Weil Cimicifuga allenfalls langfristig eingenommen wird, ist von Bedeutung, dass bisher keine kontrollierte Studie länger als 6 Monate gedauert hat.

In mehreren Fällen von schwerer Hepatotoxizität wurde in Australien ein Zusammenhang mit Cimicifuga vermutet. Besonders in einem Fall erscheint Cimicifuga als auslösender Faktor wahrscheinlich, da die Frau das Mittel erst seit einer Woche und daneben keine anderen Medikamente eingenommen hatte.10 Ein einzelner Fallbericht existiert auch zu einem zerebralen Krampfanfall unter Cimicifuga und anderen Phytotherapeutika. (2)

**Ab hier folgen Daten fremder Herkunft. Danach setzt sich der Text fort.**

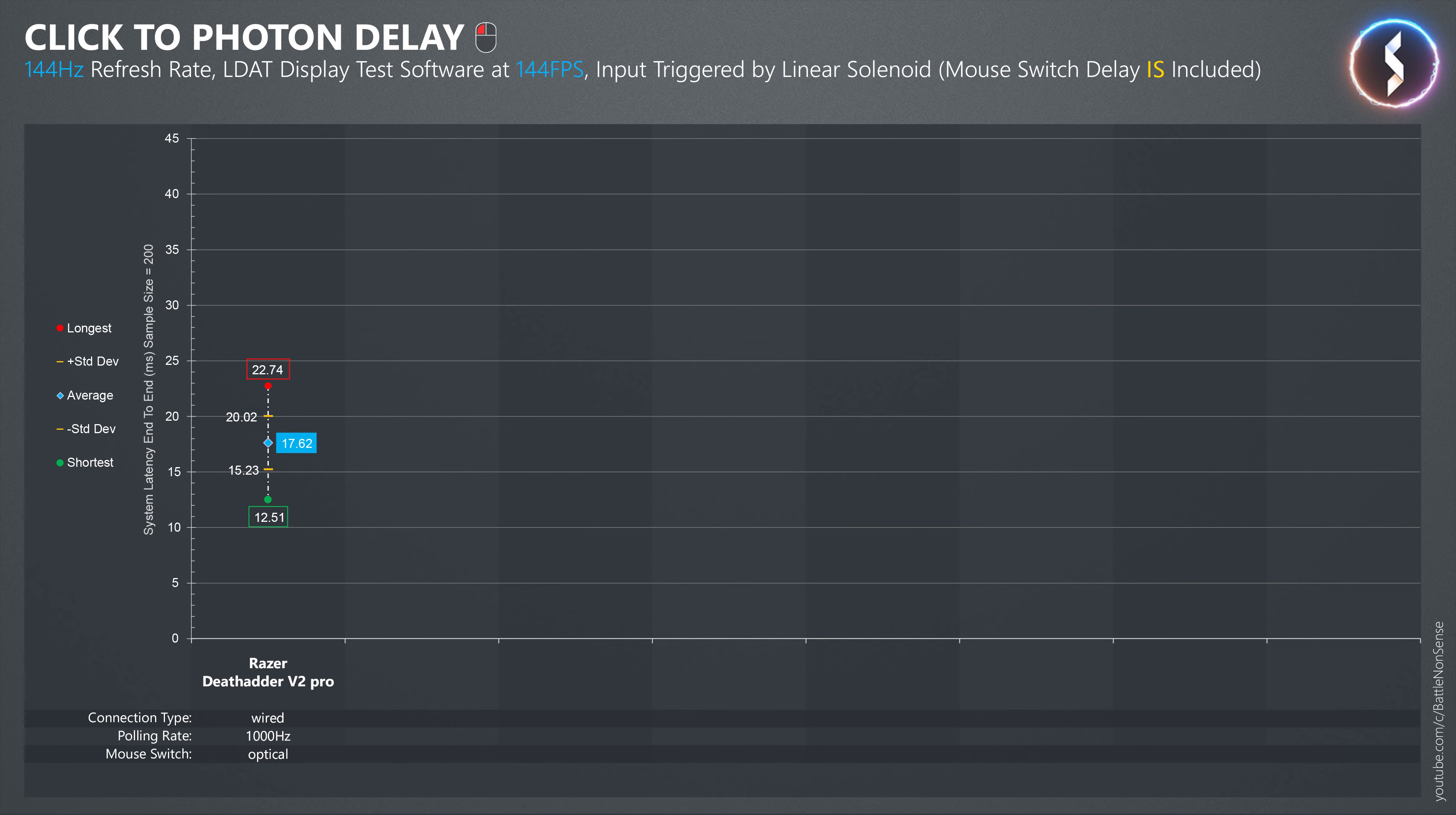In wireless mode, using Razer's 2.4GHz dongle, the end-to-end delay is slightly longer. And when you look at the standard deviation markers, you can see there is also slightly more variation, which means the delay is less stable.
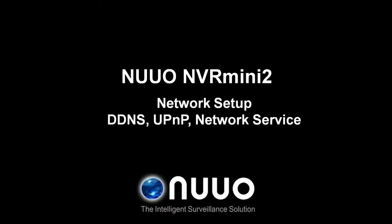Welcome to a new NVR Mini 2 training video. You're currently in the Network Setup section, where we'll discuss Network Configuration Settings, DDNS, UPnP and Network Service.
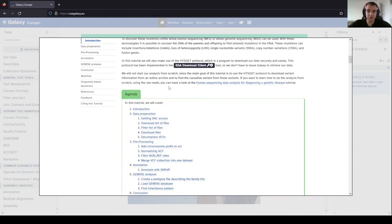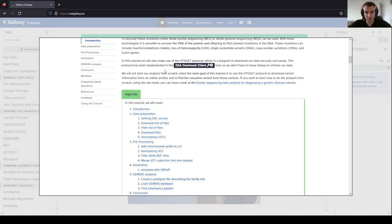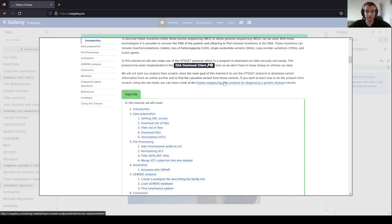In this video we will make use of the HGSCAT protocol, which is a program to download data securely and safely using the EGA download client in Galaxy. We will not start our analysis from scratch because we will be directly using the VCF files, or the variant calling files. If you want to know more about doing variant calling from the start, you can follow the link here and go to the tutorial on exome sequencing data analysis for diagnosing genetic disease.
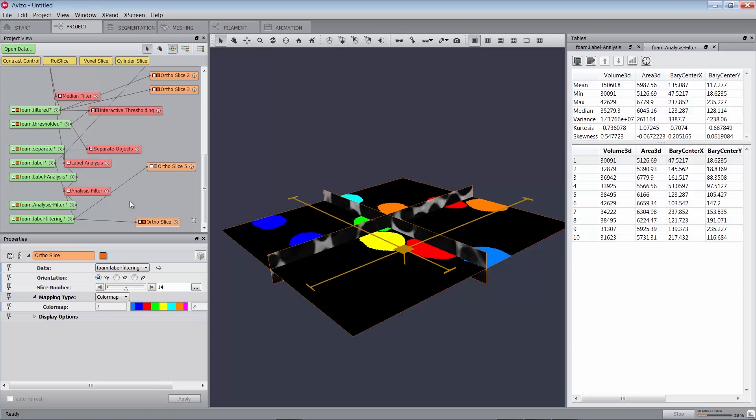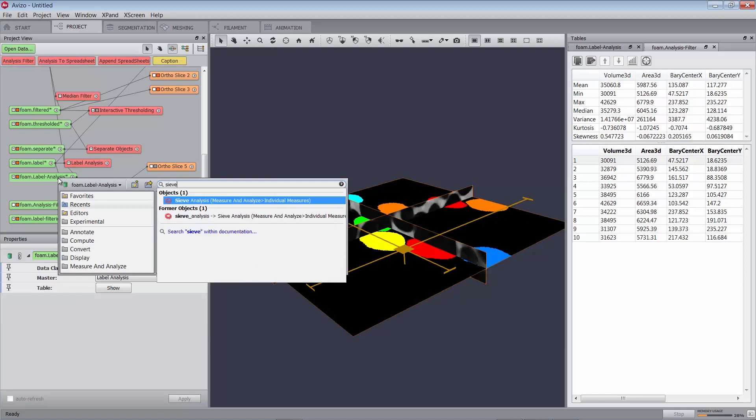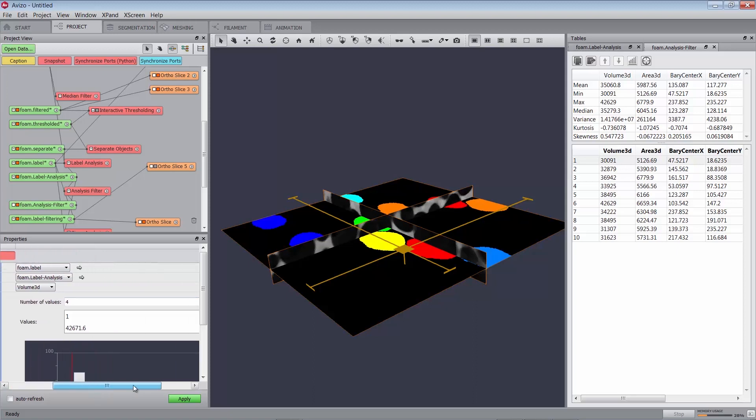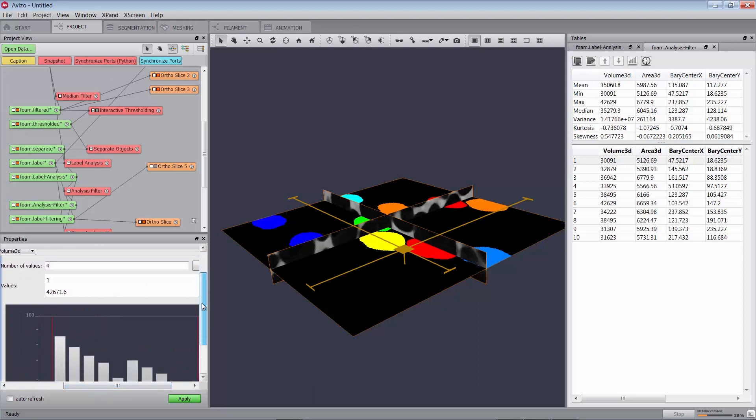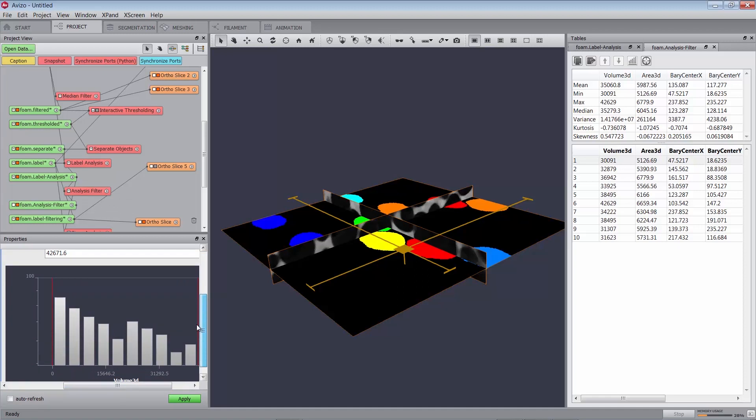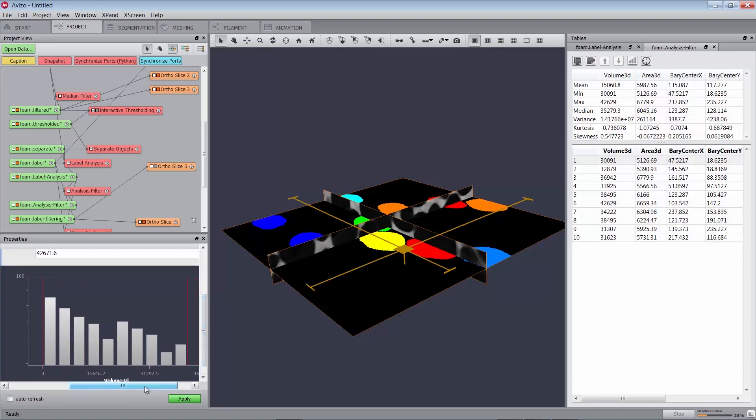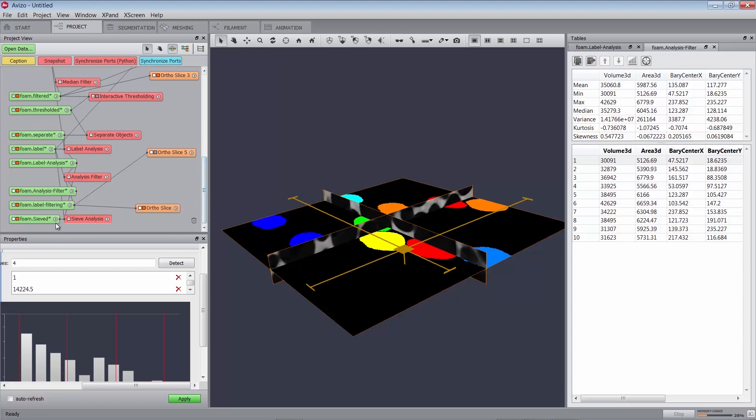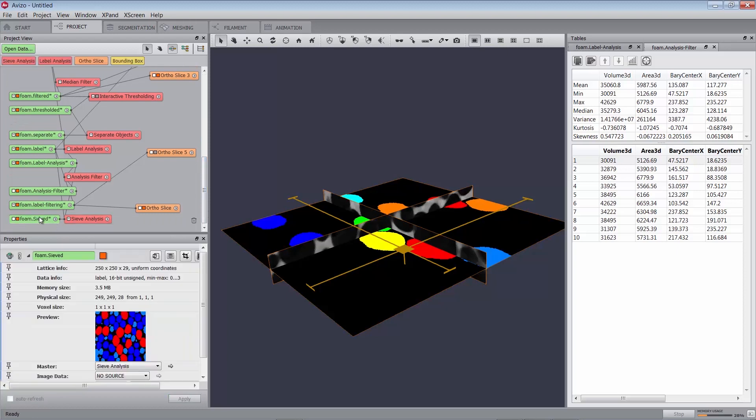Classifying measures with sieves. You can define a set of value ranges that can then be used for displaying a histogram using this distribution, or for creating a new label image showing the classification. Attach a sieve analysis module to foam.label-analysis. Connect the data port to foam.label. Add a value by changing the number of values to 4, or modify the suggested values by editing them or moving the corresponding marker in the histogram. You can also press on the detect button to get regular intervals. Press the apply button. A new label image, foam.sieved, has been created.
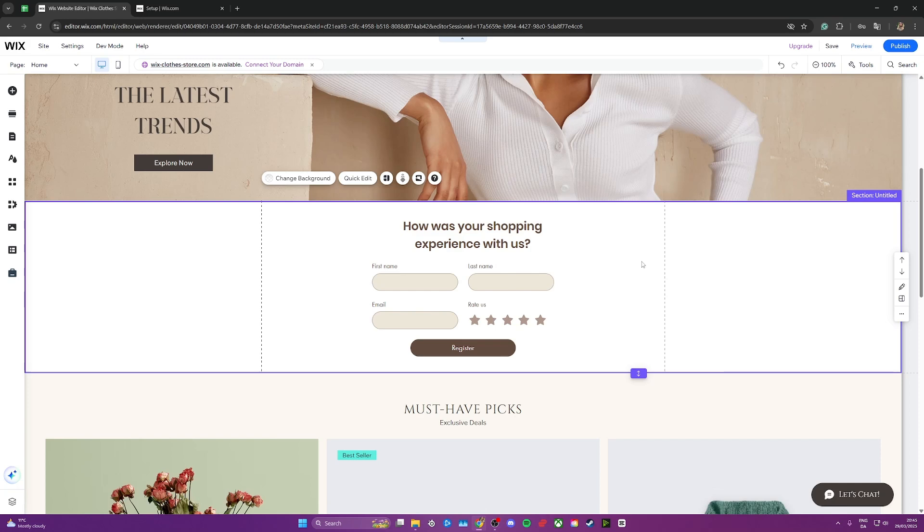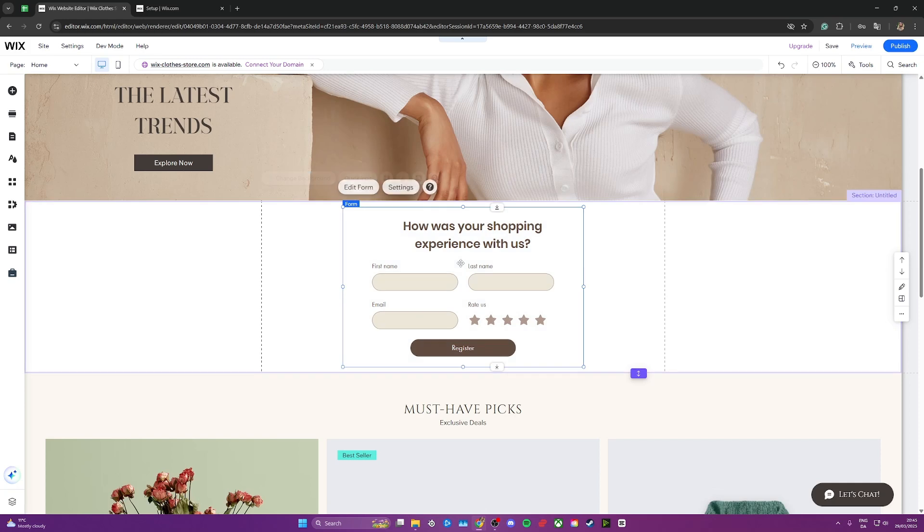Start by going to the Wix website editor and from here select the form that you want to add the submit button to. In this case, I'm going to add it to this form right here, so I'm going to click on edit form.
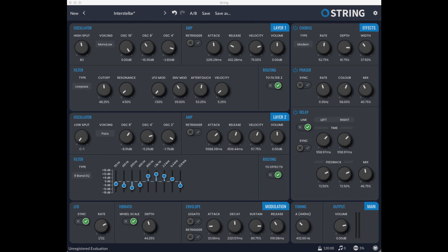New: VST3 64-bit versions for macOS and Windows. New beautiful flat modern UI with light and dark themes. Legato mode on the global modulation envelope. Perfect power buttons.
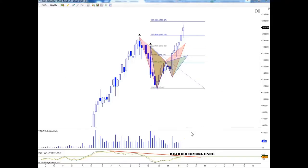Hey guys, this is Tom of AutoMarketZone and today I wanted to show you guys the phenomena that we encounter with when we trade harmonics.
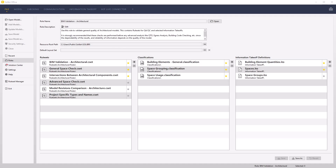We will start the process of creating a new rule set that contains our general intersection rule template, checking for clashes between MEP and structural models.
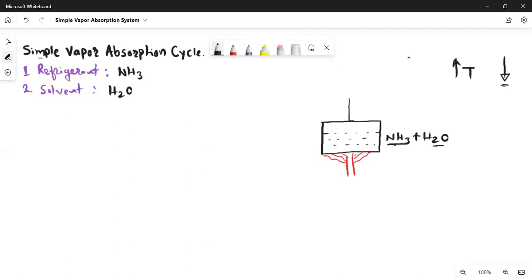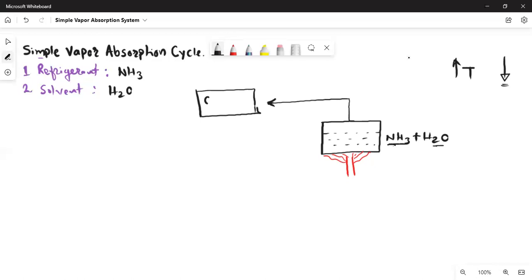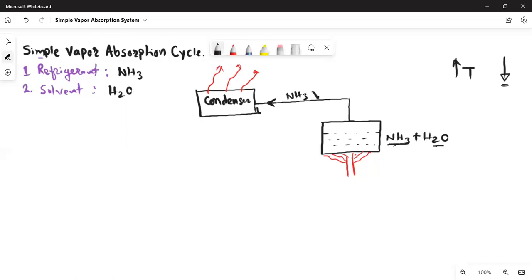The separated ammonia vapors go to the condenser. The condenser is a heat-rejecting device, so it rejects heat to the atmosphere. Since it rejects heat, the vapor becomes liquid. The NH3 enters as high-pressure vapors, and the condenser rejects heat so these vapors become liquid.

Zur Behandlung während der Schwangerschaft und Stillzeit fehlen Untersuchungen. Möglicherweise können Cimicifuga- Präparate Wehen induzieren, weshalb von der Anwendung in der Schwangerschaft abgeraten wird.(2)

Interaktionen

Es sind bisher keine pharmakokinetischen Interaktionen von Cimicifuga-Präparaten bekannt. Im Zellkultur-Versuch wurde die hemmende Wirkung von Tamoxifen auf bestimmte Brustkrebszell-Linien durch Cimicifuga-Extrakte verstärkt. Die klinische Bedeutung dieser Beobachtung ist nicht bekannt. (2)

Dosierung, Verabreichung, Kosten

In der Schweiz sind zwei unterschiedliche Cimicifuga-Präparate kassenzulässig. Das in Cimifemin® enthaltene Extrakt entspricht «20 mg Wurzelstock» pro Tablette; von diesem Präparat soll täglich zweimal 1 Tablette eingenommen werden. Climavita®/Maxifem®-Filmtabletten enthalten 6,5 mg Extrakt aus dem Wurzelstock, entsprechend «40 mg der pflanzlichen Droge». Von diesem Präparat soll täglich 1 Tablette genommen werden.

Für beide Präparate wird wegen eines verzögerten Wirkungseintritts eine Behandlung von mindestens 6 Wochen empfohlen. Für Climavita®/Maxifem® wird in Übereinstimmung mit den Empfehlungen in Deutschland eine Behandlungsdauer von maximal 6 Monaten angegeben. Bei diesen beiden Präparaten werden auch eine Überempfindlichkeit auf Hahnenfussgewächse und «östrogenabhängige Tumoren» als Kontraindikationen genannt.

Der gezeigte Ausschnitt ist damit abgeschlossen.